== Segment start ==
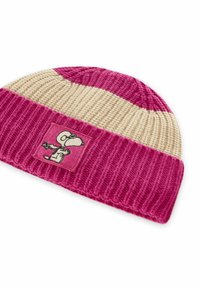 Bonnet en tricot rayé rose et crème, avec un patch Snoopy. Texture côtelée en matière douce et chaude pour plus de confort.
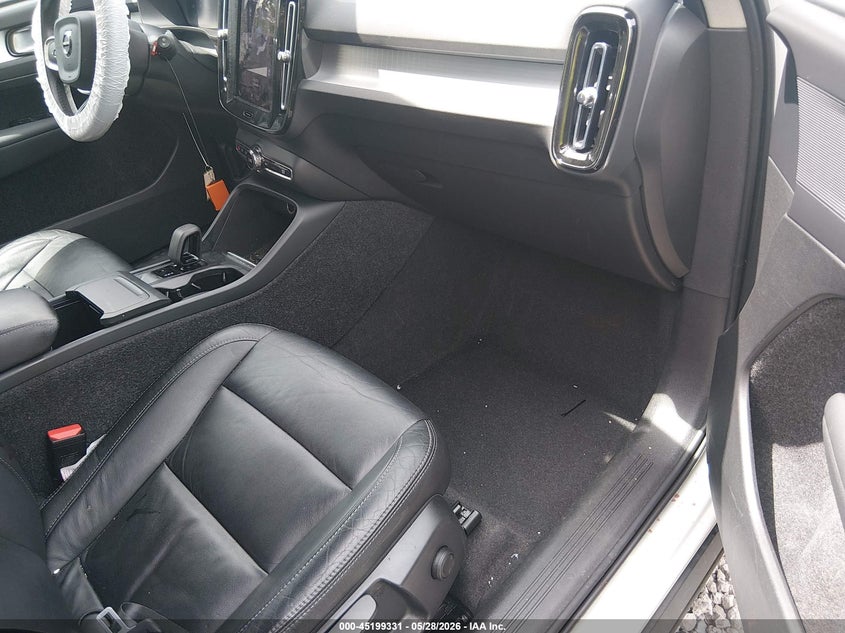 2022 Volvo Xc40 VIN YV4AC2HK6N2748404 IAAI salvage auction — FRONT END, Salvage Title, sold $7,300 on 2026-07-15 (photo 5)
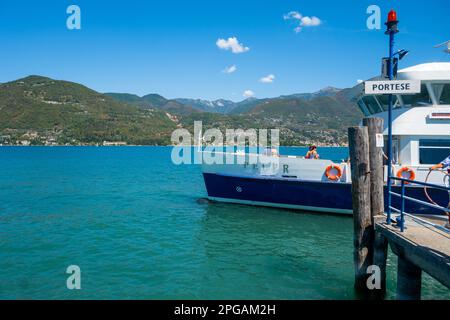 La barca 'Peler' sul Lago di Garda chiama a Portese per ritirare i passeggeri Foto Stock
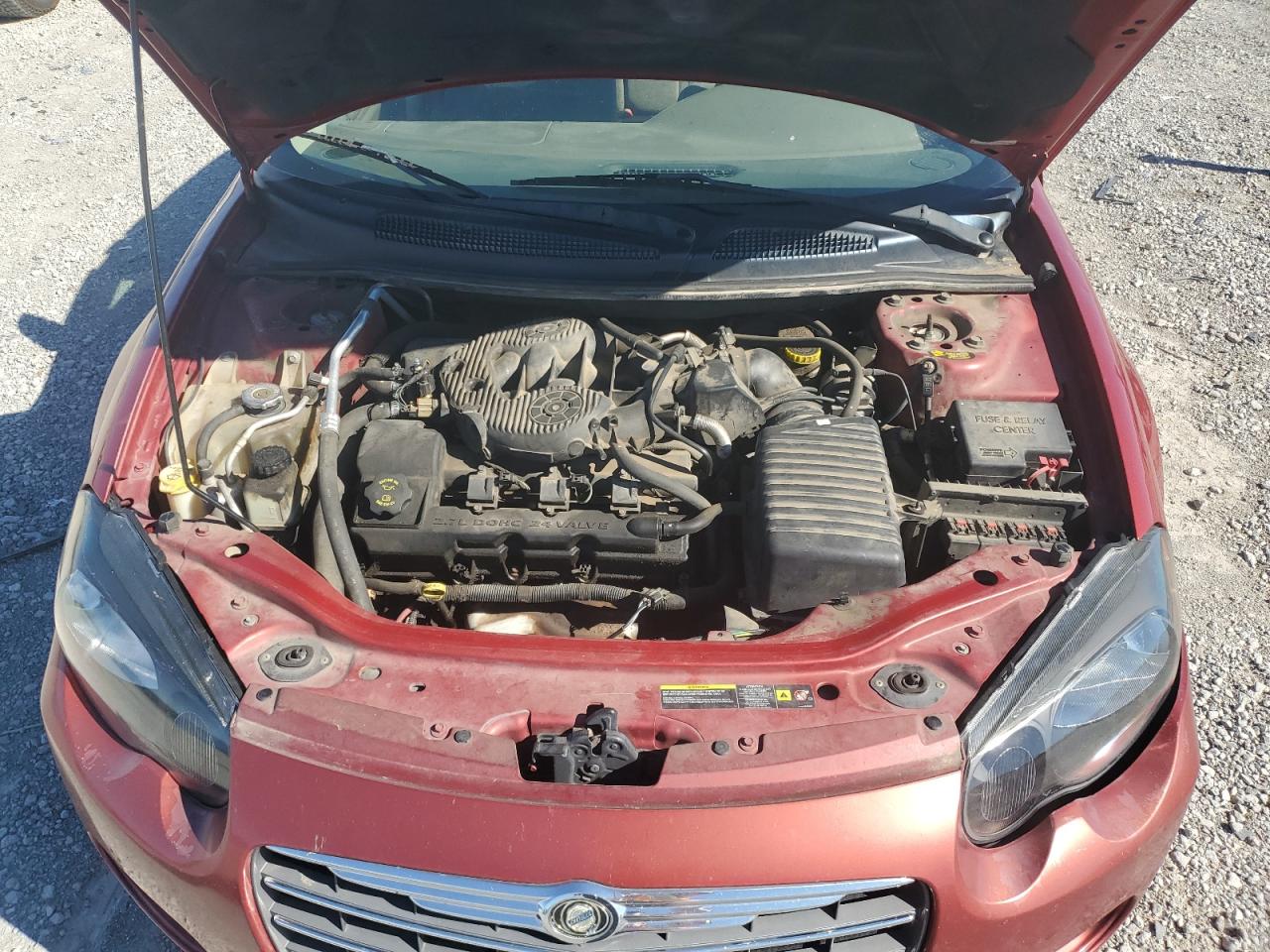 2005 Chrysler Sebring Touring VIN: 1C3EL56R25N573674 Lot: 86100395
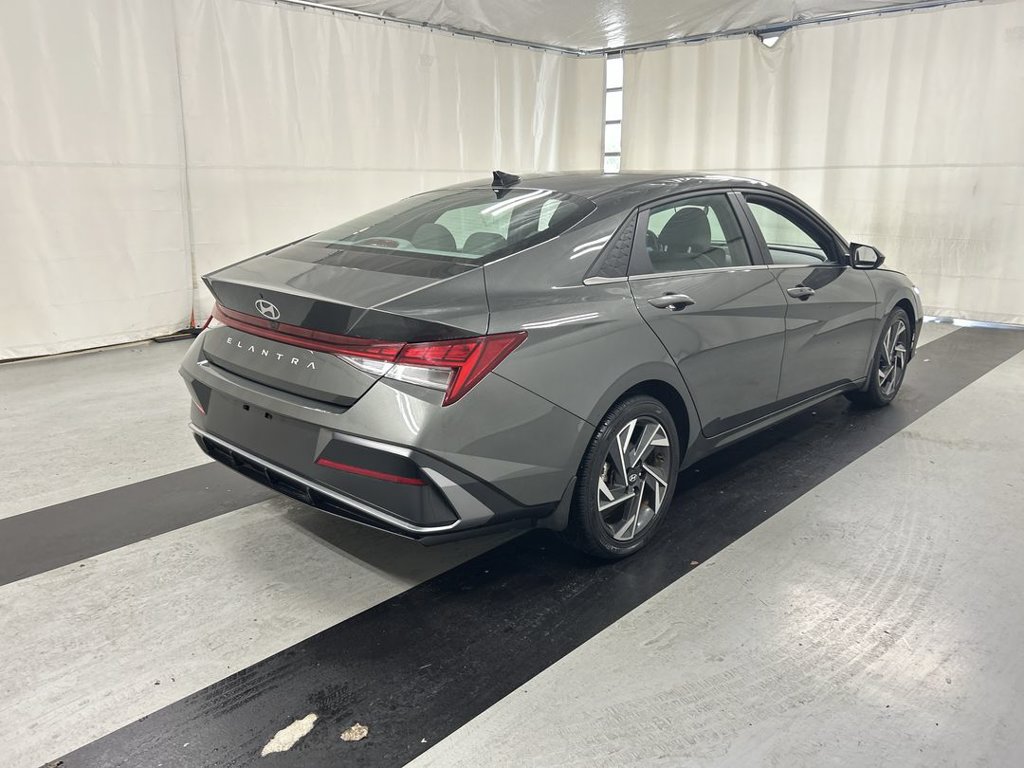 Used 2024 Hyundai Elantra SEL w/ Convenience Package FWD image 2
== Segment end ==
What this task involves:
Beginning with the line that contains "2005 Chrysler Sebring", print exactly every line through the end of the records, both included. Omit the pictures.

Response:
 2005 Chrysler Sebring Touring VIN: 1C3EL56R25N573674 Lot: 86100395
 Used 2024 Hyundai Elantra SEL w/ Convenience Package FWD image 2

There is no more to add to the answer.